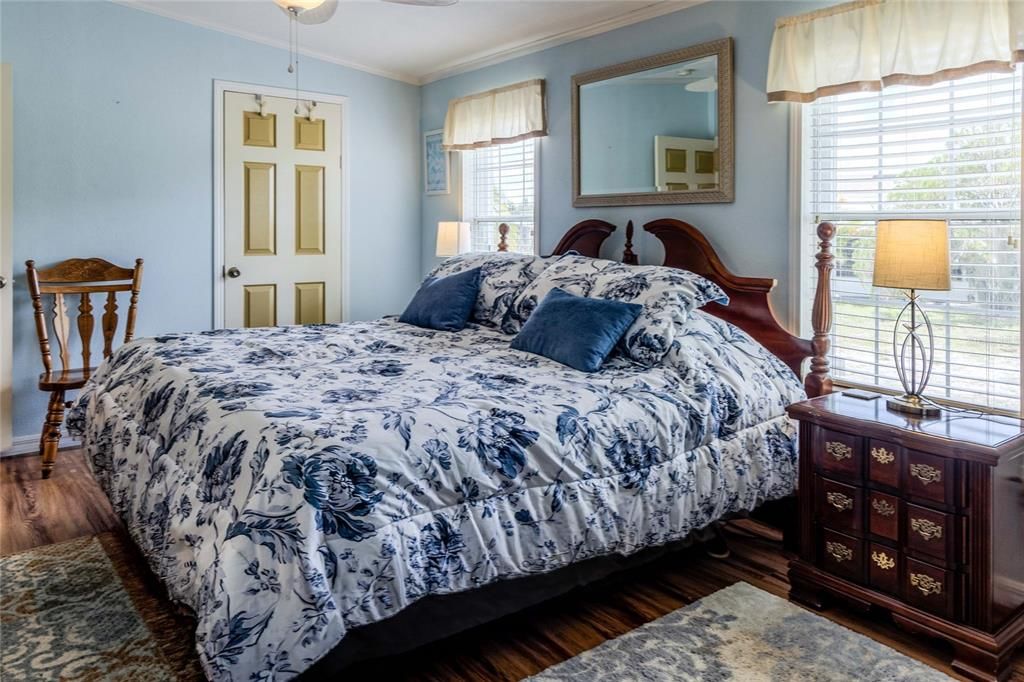 For Sale: $205,000 (2 beds, 2 baths, 1104 Square Feet)
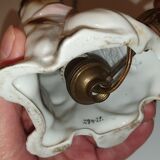 Chien lumière en porcelaine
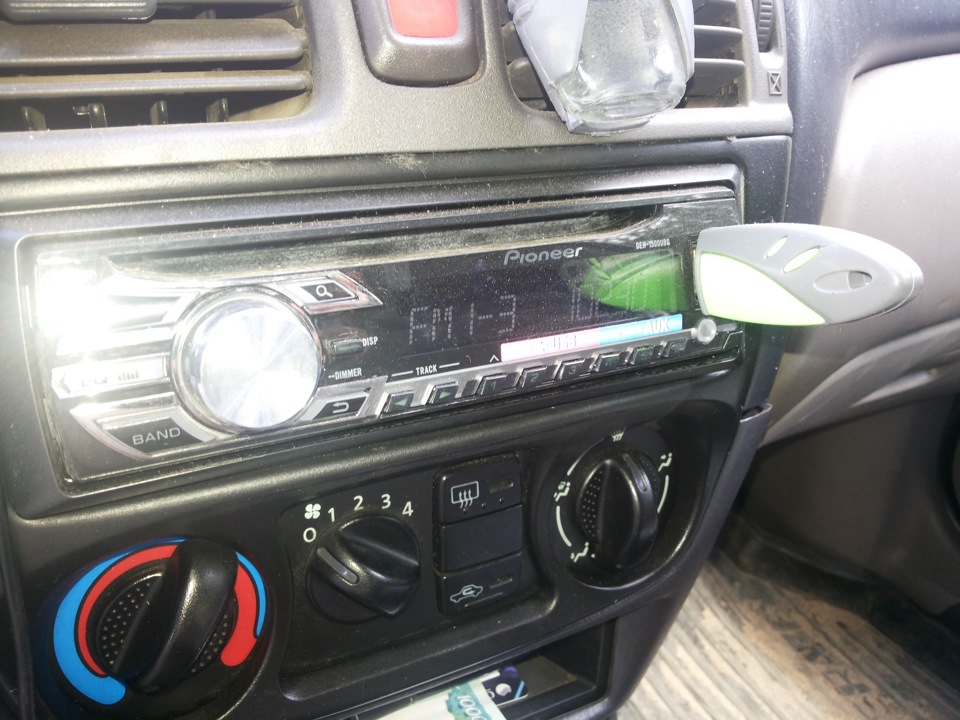 Магнитола, усилок, саб. Все как полагается) — Nissan Almera II (N16), 1 ...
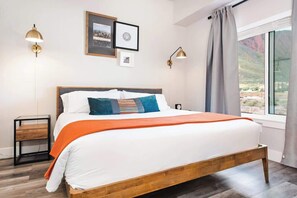 2 bedrooms, desk, iron/ironing board, WiFi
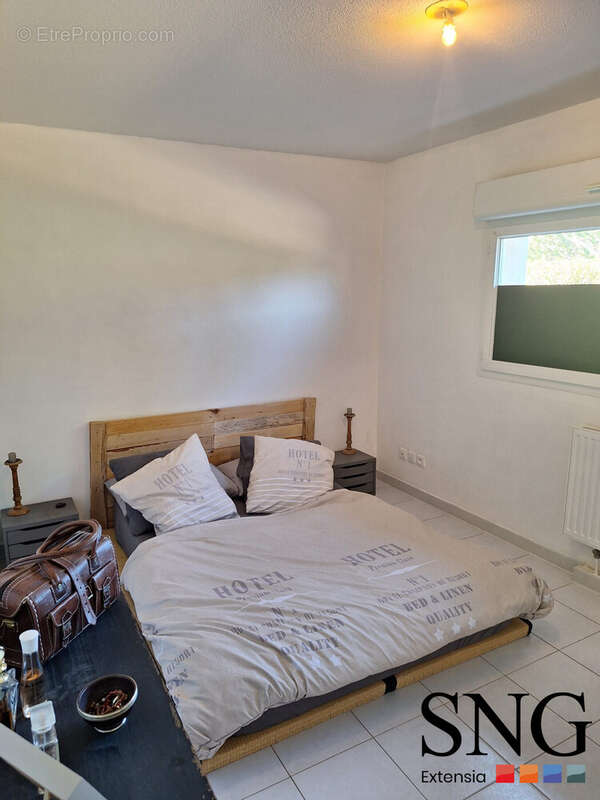 Appartement à GARONS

=-=-=-=-=

What you should do
Any picture among the entries must be skipped; copy all else exactly.

Answer to the problem
 For Sale: $205,000 (2 beds, 2 baths, 1104 Square Feet)
 Chien lumière en porcelaine
 Магнитола, усилок, саб. Все как полагается) — Nissan Almera II (N16), 1 ...
 2 bedrooms, desk, iron/ironing board, WiFi
 Appartement à GARONS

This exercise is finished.